◆ Prompt
Return the data below unaltered, but strip out the pictures.

◆ Captioned web images
=== Begin Enclosure ===

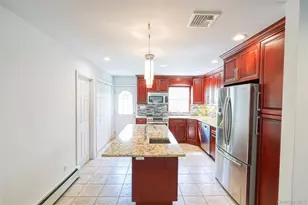 20 Valley Dr, East Moriches, NY 11940 - Photo 5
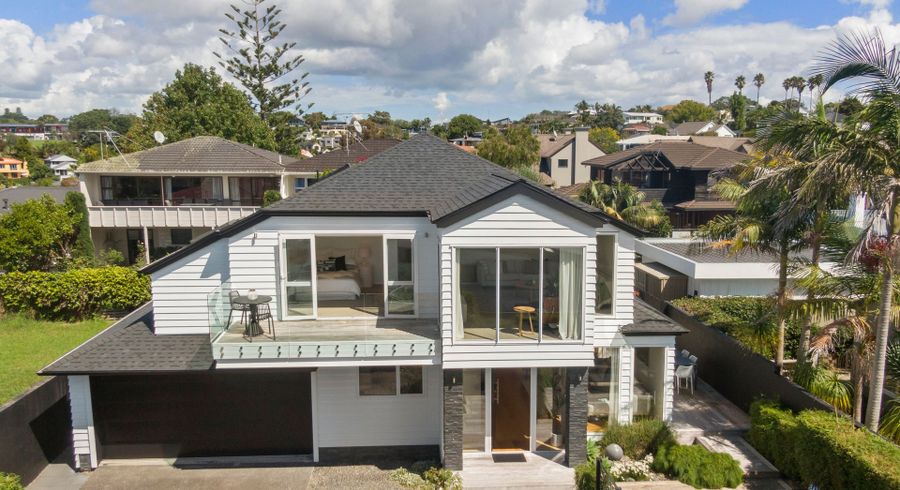  at 3B Godfrey Place, Kohimarama, Auckland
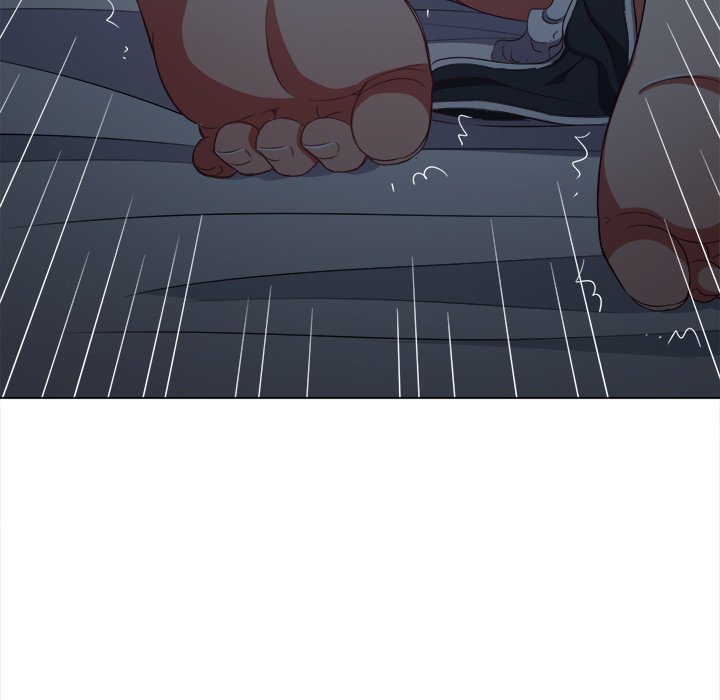 My High School Bully Manhwa - Chapter 42 Page 77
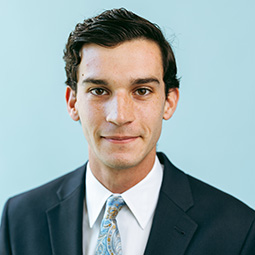 Joe Paccione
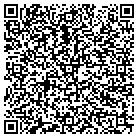 QR code with Spine Institute Of Southern Nj contacts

=== End Enclosure ===

◆ Response
 20 Valley Dr, East Moriches, NY 11940 - Photo 5
  at 3B Godfrey Place, Kohimarama, Auckland
 My High School Bully Manhwa - Chapter 42 Page 77
 Joe Paccione
 QR code with Spine Institute Of Southern Nj contacts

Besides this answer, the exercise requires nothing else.